** Dataset extract **
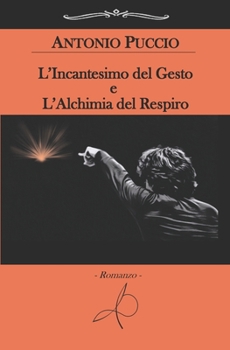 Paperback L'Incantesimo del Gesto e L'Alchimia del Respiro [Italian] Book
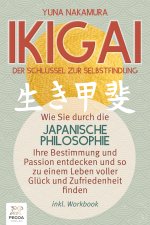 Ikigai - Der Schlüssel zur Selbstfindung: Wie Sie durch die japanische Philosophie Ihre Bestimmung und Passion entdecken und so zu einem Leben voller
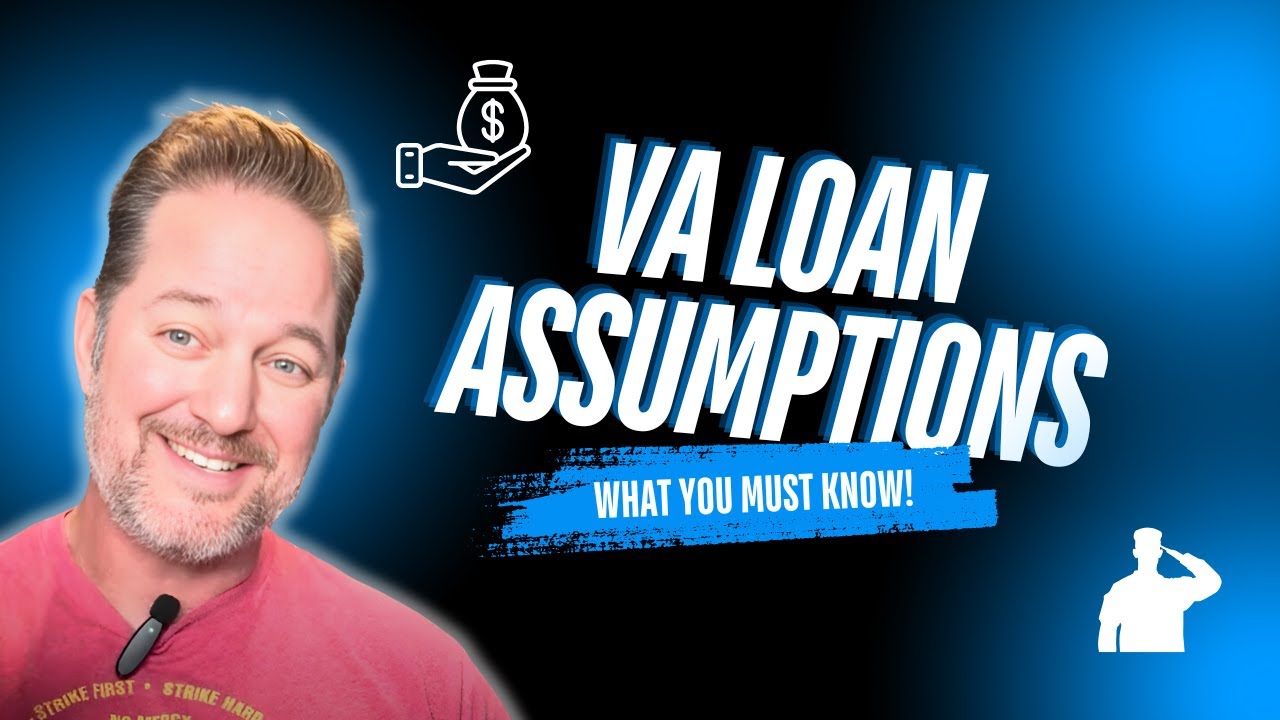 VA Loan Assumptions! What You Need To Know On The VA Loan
...
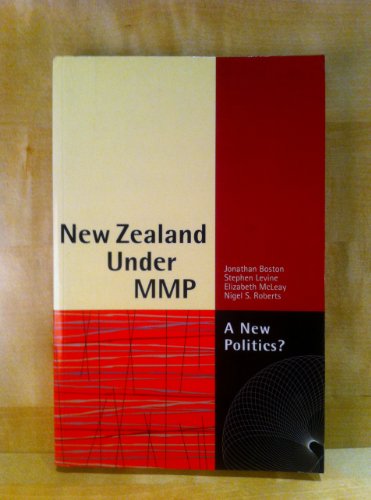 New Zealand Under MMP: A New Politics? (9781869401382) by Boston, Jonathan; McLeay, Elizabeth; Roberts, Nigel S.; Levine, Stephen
* * *
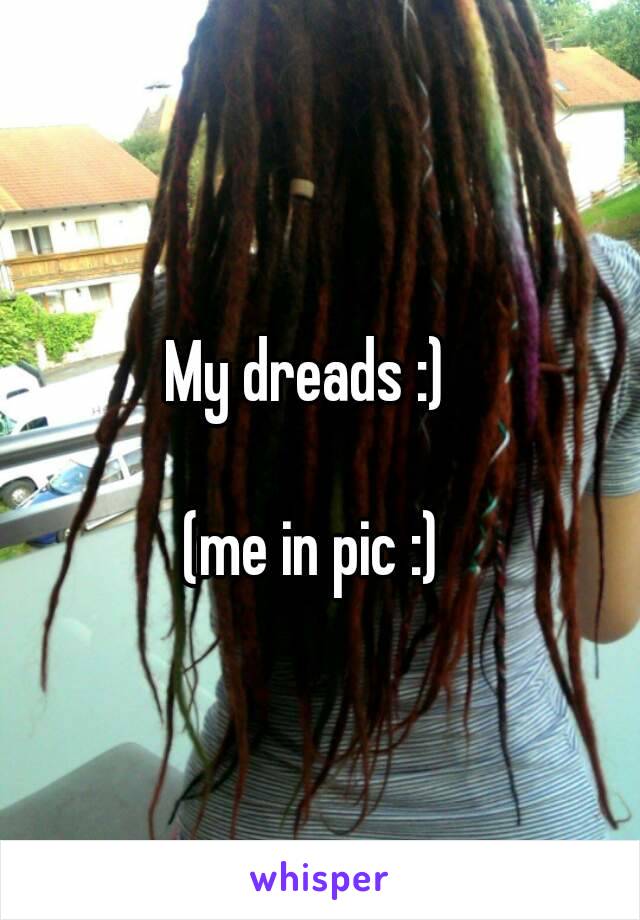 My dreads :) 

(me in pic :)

** Activity **
Transcribe the listing above exactly, but only from the line with "Paperback L'Incantesimo del" through the line with "VA Loan Assumptions!". Include both of those lines and omit the pictures.

** Written reply **
 Paperback L'Incantesimo del Gesto e L'Alchimia del Respiro [Italian] Book
 Ikigai - Der Schlüssel zur Selbstfindung: Wie Sie durch die japanische Philosophie Ihre Bestimmung und Passion entdecken und so zu einem Leben voller
 VA Loan Assumptions! What You Need To Know On The VA Loan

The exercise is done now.